Ok, anyway I originally was talking about romance. So I never go to the movies, but I actually felt compelled to see one this last weekend. Pride & Prejudice. I’ve never read the book, although I feel like I should. There are a lot of books (and museums) that I feel like I should enjoy, but I do not. Oh well. The movie was AWESOME. It was so refreshing to see a movie in which no one got naked, cussed, had sex, etc. Keira Knightley did not look as hot as usual (for my male readers), but the sentiment of the movie was lovely. I simply cannot write a review that does the movie justice, but I am pasting in a link to a fantastic article that discusses the important themes in the movie including what people are really searching for—a different kind of romance than we typically think of in our society. It’s a notion of love and romance that I find very appealing and that is much more biblical than what we are typically exposed to in popular culture.


007 said...

Like many of Jane Austen's works, "Pride & Prejudice" is brilliant and I suggest that you read the book Ally. I have yet to see the movie (but will), but feel, like most books made into movies, that the movie won't do the book justice.

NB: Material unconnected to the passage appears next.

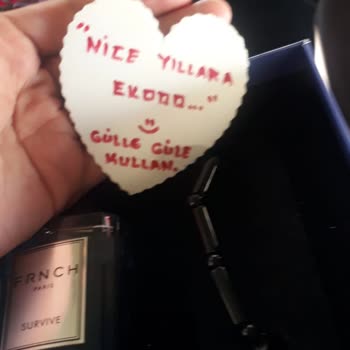 Yanlış Teslimat: Telefon Yerine Parfüm Geldi!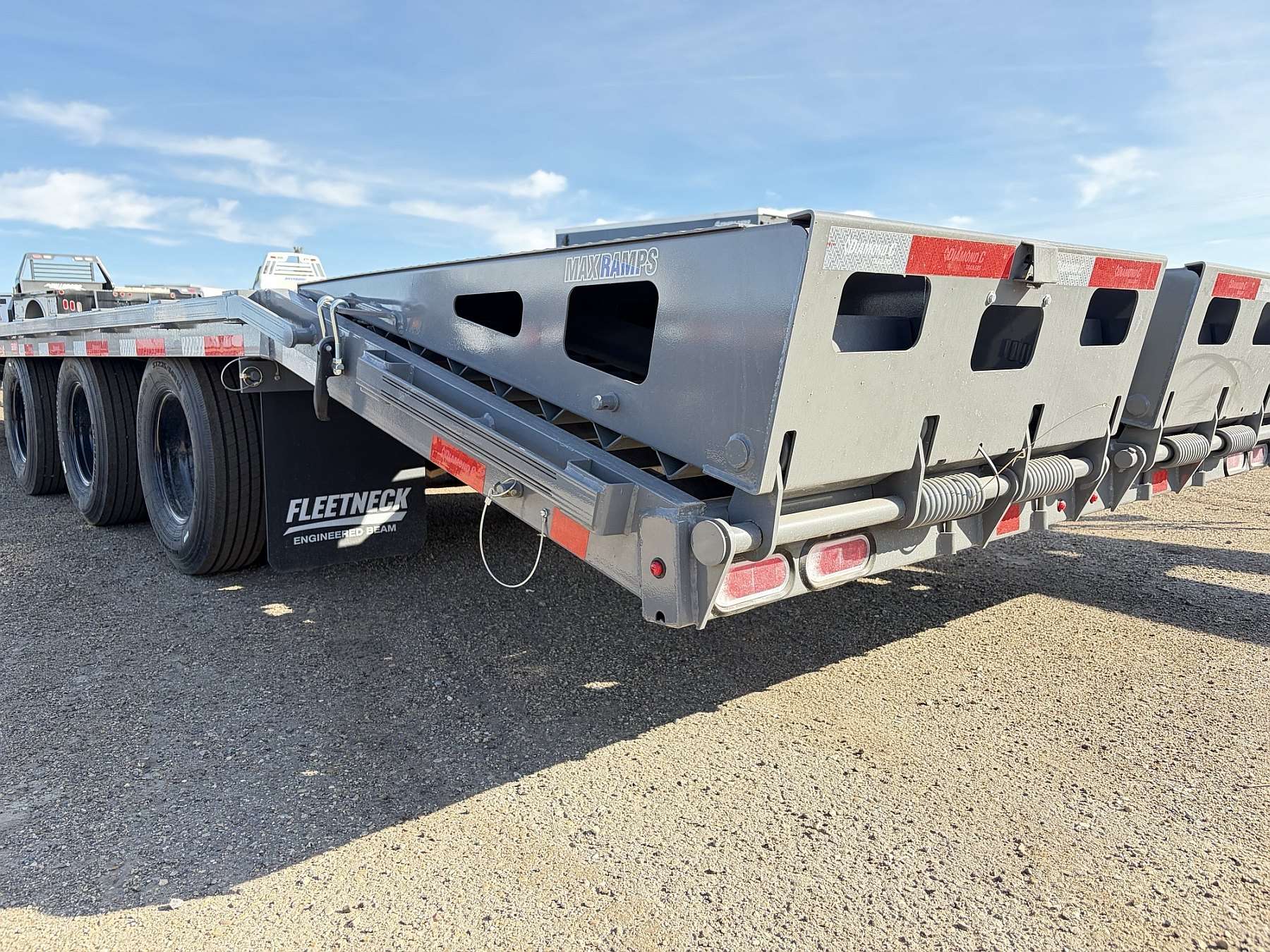 2027 Diamond C 32' Pintle Hitch Equipment Trailer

As far as VD goes: I think it is overrated, over-commercialized, and down-right LAME. Having said that, I still enjoy receiving flowers (but if you send roses, I'll scream and throw them away--very clique). I mean seriously, who wants to be the only girl who doesn't get flowers on VD? This coming from a girl who went to an all girls private college, and saw first hand that you weren't "cool" unless you got flowers on VD Day. Kidding. While I do like flowers (not roses)/gifts, etc., I'd prefer to get them all year long and not on the one day that hallmark/society/cupid says I should get them.

As far as being romantic Ally....I don't think I even know what "being romantic means." When someone is unselfish, considerate of others, thoughtful, compassionate, etc., does that mean they are romantic? I don't know....can a person possess those characteristics, but not be romantic or vice versa?

nt said...

Valentine's Day is way overrated. I agreed with you that some holidays do help some people act nicer----the upcoming Christmas holiday is one that is a prime example in my bizarre family. Certain relatives seem to feel they must do kind things---which is typically out of character.
You've inspired me to get my own blog. I've thought about it, and I like it. Keep on writing!

Anonymous said...

Wow, what a well-written entry! AS far as your being "romantic", I tend to be of the belief that you are in fact a very romantic person. As a direct benificairy of your thoughtfulness over the past "x" years, I have noticed many of your traits that I would deem "romantic". There was a time in my life where I had become so accusomted to your letters/package in the mail, that I was often surprised NOT to find one each day. The time/effort put into sending all of those, frequently made me smile, and serves as a good example of your romanticness(i made that word up i think). That, along with many other little things you do, that aren't considered "traditional" by today's society's standards further support my impression of you as being a romantic person. In fact, some might interpret your loathing of traditionally romantic holidays such as VD, as being romantic(kind of abstract, but think about it). Just my anonymous thoughts!

Shumi said...

VD, haha, I'll have to remember that one. Love and venereal disease do sometimes go hand in's to being single on Valentine's Day!

Ally said...

Sambo, you're right: I should read Pride & Prejudice. Buying it will be a Christmas gift to myself. And I think you may be right about those character traits going hand in hand with being romantic--b/c I suppose the real meaning of romance would come down to someone caring unselfishly and thinking for another.

And anonymous, I agree with you that perhaps it is more romantic to "loathe" VD and recognize that romance when most truly expressed is not a Hallmark card or some roses--it's sincere appreciation and feelings for another that you can't help but express in various and creative ways.